Xander Steenbrugge: Generative Modelling space on fire! After Google's #BigGan and Nvidia's #StyleGAN we now finally have autoencoder based models that generate samples of equal/better? quality! The sample diversity is especially striking given that mode collapse has always been an issue for GANs.

Kyle McDonald: VAE-style networks have surpassed the quality of BigGAN and StyleGAN. i always knew they had it in them 🎉

Max Jaderberg: Insanely good samples from the latest incarnation of the VQVAE generative model

François Fleuret: Beside the quantitative evidences that they are more robust to mode collapse than GANs, their roots in "classical" density estimation make VAE more promising as a generic tool. We have "good enough classifiers" since 2015, maybe are we also good for density models...

Danilo J. Rezende: Great results on generative modelling from @catamorphist, @avdnoord and @OriolVinyalsML !

Simon Kornblith: @carlesgelada @timnitGebru @ylecun Here's my favorite example of this, from The left are samples from VQ-VAE2; the right are from BigGAN; both are trained on ImageNet.

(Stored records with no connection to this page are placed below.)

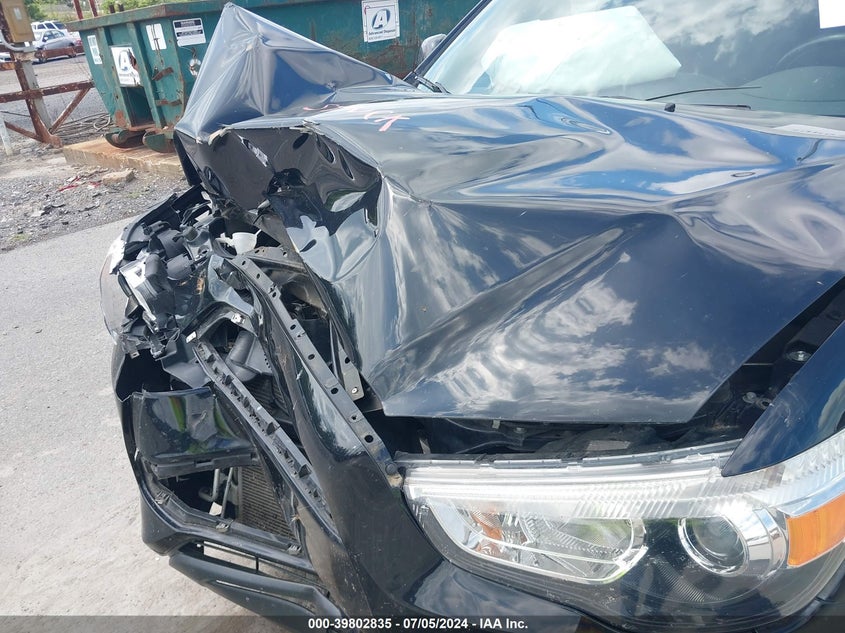 2015 Mitsubishi Outlander Sport Es VIN: 4A4AR3AU4FE020589 Lot: 39802835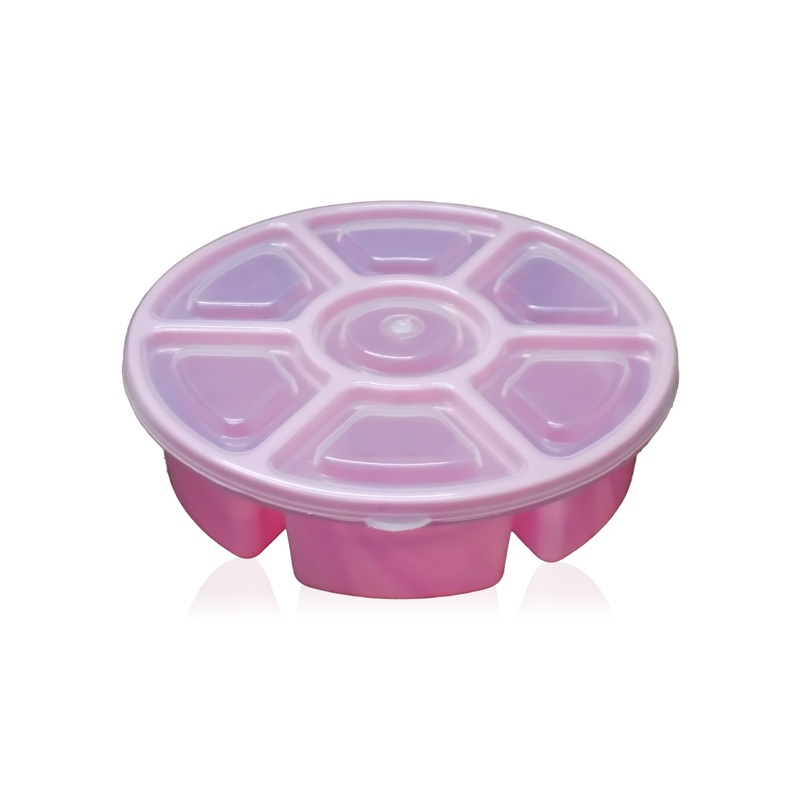 2133 Mini Spice Box/Masala Dabba with 7 Compartments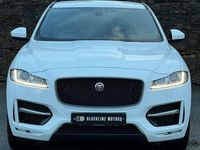Used Jaguar F-Pace R-Sport 180 HP (132 kW) 2018 White SUV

Isn't it kind of obvious what's going to happen if these algorithms are a trained on a face dataset?

Daisuke Okanohara: VQ-VAE-2 improves VQ-VAE by using1) hierarchical latent variables 2) a prior distribution that matches the marginal posterior using an auto-regressive model with self-attention; achieving diverse and high-fidelity image generation.

d00d: VAE based image generation with quality comparable to GAN generated images, but more variety and faster sampling...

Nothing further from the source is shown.